ASSIGNED TASK. All entries should be output exactly as they stand.

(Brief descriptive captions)
=== Section Start ===
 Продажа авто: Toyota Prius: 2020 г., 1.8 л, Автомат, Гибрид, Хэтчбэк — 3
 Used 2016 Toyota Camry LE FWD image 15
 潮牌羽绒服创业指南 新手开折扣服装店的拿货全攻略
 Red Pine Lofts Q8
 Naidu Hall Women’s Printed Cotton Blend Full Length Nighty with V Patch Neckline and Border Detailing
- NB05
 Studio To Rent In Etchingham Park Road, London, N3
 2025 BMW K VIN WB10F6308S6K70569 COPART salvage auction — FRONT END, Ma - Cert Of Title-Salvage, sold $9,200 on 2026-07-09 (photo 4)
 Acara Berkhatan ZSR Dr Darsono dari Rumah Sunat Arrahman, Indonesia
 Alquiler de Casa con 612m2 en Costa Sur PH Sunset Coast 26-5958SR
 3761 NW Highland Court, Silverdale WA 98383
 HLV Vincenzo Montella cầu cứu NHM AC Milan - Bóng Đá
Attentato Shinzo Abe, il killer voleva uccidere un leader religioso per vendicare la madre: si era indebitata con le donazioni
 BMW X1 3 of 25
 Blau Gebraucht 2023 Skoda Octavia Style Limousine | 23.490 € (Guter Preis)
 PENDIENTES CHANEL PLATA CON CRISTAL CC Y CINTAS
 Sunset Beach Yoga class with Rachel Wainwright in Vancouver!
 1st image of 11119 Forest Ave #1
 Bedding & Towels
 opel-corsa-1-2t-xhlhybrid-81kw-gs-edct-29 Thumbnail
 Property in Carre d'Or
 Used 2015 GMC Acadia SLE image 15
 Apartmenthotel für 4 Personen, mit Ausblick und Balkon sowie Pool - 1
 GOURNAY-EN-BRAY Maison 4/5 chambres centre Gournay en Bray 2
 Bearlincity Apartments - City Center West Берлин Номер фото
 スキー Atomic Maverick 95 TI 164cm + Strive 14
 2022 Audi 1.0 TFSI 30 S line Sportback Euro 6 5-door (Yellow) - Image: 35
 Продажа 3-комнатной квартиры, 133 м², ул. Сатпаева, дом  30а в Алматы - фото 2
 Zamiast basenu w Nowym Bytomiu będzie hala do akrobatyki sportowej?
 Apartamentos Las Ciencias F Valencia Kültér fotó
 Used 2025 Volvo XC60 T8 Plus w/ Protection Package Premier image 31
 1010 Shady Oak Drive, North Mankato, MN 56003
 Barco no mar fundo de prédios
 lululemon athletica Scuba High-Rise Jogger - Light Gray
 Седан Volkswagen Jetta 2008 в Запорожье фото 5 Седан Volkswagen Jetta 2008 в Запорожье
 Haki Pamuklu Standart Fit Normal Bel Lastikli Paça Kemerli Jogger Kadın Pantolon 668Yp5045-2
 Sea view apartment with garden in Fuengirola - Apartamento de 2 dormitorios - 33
=== Section End ===
ANSWER FOR THE TASK.
 Продажа авто: Toyota Prius: 2020 г., 1.8 л, Автомат, Гибрид, Хэтчбэк — 3
 Used 2016 Toyota Camry LE FWD image 15
 潮牌羽绒服创业指南 新手开折扣服装店的拿货全攻略
 Red Pine Lofts Q8
 Naidu Hall Women’s Printed Cotton Blend Full Length Nighty with V Patch Neckline and Border Detailing
- NB05
 Studio To Rent In Etchingham Park Road, London, N3
 2025 BMW K VIN WB10F6308S6K70569 COPART salvage auction — FRONT END, Ma - Cert Of Title-Salvage, sold $9,200 on 2026-07-09 (photo 4)
 Acara Berkhatan ZSR Dr Darsono dari Rumah Sunat Arrahman, Indonesia
 Alquiler de Casa con 612m2 en Costa Sur PH Sunset Coast 26-5958SR
 3761 NW Highland Court, Silverdale WA 98383
 HLV Vincenzo Montella cầu cứu NHM AC Milan - Bóng Đá
Attentato Shinzo Abe, il killer voleva uccidere un leader religioso per vendicare la madre: si era indebitata con le donazioni
 BMW X1 3 of 25
 Blau Gebraucht 2023 Skoda Octavia Style Limousine | 23.490 € (Guter Preis)
 PENDIENTES CHANEL PLATA CON CRISTAL CC Y CINTAS
 Sunset Beach Yoga class with Rachel Wainwright in Vancouver!
 1st image of 11119 Forest Ave #1
 Bedding & Towels
 opel-corsa-1-2t-xhlhybrid-81kw-gs-edct-29 Thumbnail
 Property in Carre d'Or
 Used 2015 GMC Acadia SLE image 15
 Apartmenthotel für 4 Personen, mit Ausblick und Balkon sowie Pool - 1
 GOURNAY-EN-BRAY Maison 4/5 chambres centre Gournay en Bray 2
 Bearlincity Apartments - City Center West Берлин Номер фото
 スキー Atomic Maverick 95 TI 164cm + Strive 14
 2022 Audi 1.0 TFSI 30 S line Sportback Euro 6 5-door (Yellow) - Image: 35
 Продажа 3-комнатной квартиры, 133 м², ул. Сатпаева, дом  30а в Алматы - фото 2
 Zamiast basenu w Nowym Bytomiu będzie hala do akrobatyki sportowej?
 Apartamentos Las Ciencias F Valencia Kültér fotó
 Used 2025 Volvo XC60 T8 Plus w/ Protection Package Premier image 31
 1010 Shady Oak Drive, North Mankato, MN 56003
 Barco no mar fundo de prédios
 lululemon athletica Scuba High-Rise Jogger - Light Gray
 Седан Volkswagen Jetta 2008 в Запорожье фото 5 Седан Volkswagen Jetta 2008 в Запорожье
 Haki Pamuklu Standart Fit Normal Bel Lastikli Paça Kemerli Jogger Kadın Pantolon 668Yp5045-2
 Sea view apartment with garden in Fuengirola - Apartamento de 2 dormitorios - 33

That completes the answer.